В замечательном кризисе, занимающем нас, проявляются три главные партии, которые заключают в себе как бы три революции, последовательно выступавшие на сцену исторического мира. В каждой партии, в каждой революции соединяются и действуют за одно две партии – политическая и религиозная; первая стоит во главе движения, вторая следует за нею, но обе необходимы друг для друга, так что двойственный характер события отражается на всех фазисах его.

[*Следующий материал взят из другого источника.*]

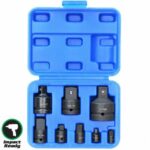 Juego Adaptadores De Impacto 8pcs Trabajo Neum&aacute;tico Chicago Power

Первою по времени партиею, под знаменем которой сначала шли все остальные, была партия законной реформы. При начале английской революции, когда в 1640 году созван был долгий парламент, все говорили и многие думали, что достаточно только одной законной реформы, что в старинных законах и обычаях страны существуют средства для искоренения всех злоупотреблений, для установления правительственной системы, вполне сообразно с требованиями народа. Эта партия громко порицала и чистосердечно желала предупредить противозаконные поборы, произвольное взятие граждан под стражу, одним словом, все действия, несогласные с действующими законами страны. В идеях этой партии скрывалось верование в верховную державность короля, т. е. в абсолютную власть его. Тайное, инстинктивное чувство, конечно, говорило ей, что в этом начале есть нечто ложное и опасное, поэтому она и старалась никогда не упоминать о нем; но доведенная до крайности и вынужденная к решительному объяснению, она допускала в королевском сане власть, стоящую выше всякого человеческого происхождения, всякого контроля и, в случае необходимости, защищала эту власть. Она думала вместе с тем, что власть, абсолютная по своему принципу, должна действовать по известным правилам, в известных формах и пределах и что эти правила, формы, пределы достаточно определены и обеспечены великою хартиею, подтвердительными к ней статутами и вообще древним законодательством. Таковы были ее политические верования. В религиозном отношении партия законной реформы была того мнения, что епископы слишком расширили круг своих действий и присвоили себе слишком большое политическое значение, что юрисдикция их слишком обширна, что необходимо ограничить ее и наблюдать за ее отправлением. Однако она твердо держалась епископского сана, не только как церковного учреждения, церковной, правительственной системы, но и как необходимой опоры для королевской прерогативы, как средства защищать и поддерживать преобладающее влияние короля в делах религиозных. В политическом мире – верховная власть короля, действующая с соблюдением законных форм и в законных пределах; в религиозном мире – преобладание власти короля, применяемой и поддерживаемой епископами, – такова была двойственная система партии законной реформы, главнейшими вождями которой были Кларендон, Кольпеппер, лорд Кэпель, даже лорд Фольклэнд, самый горячий приверженец общественной свободы. В рядах этой партии находились почти все члены высшего дворянства чуждые рабской преданности двору.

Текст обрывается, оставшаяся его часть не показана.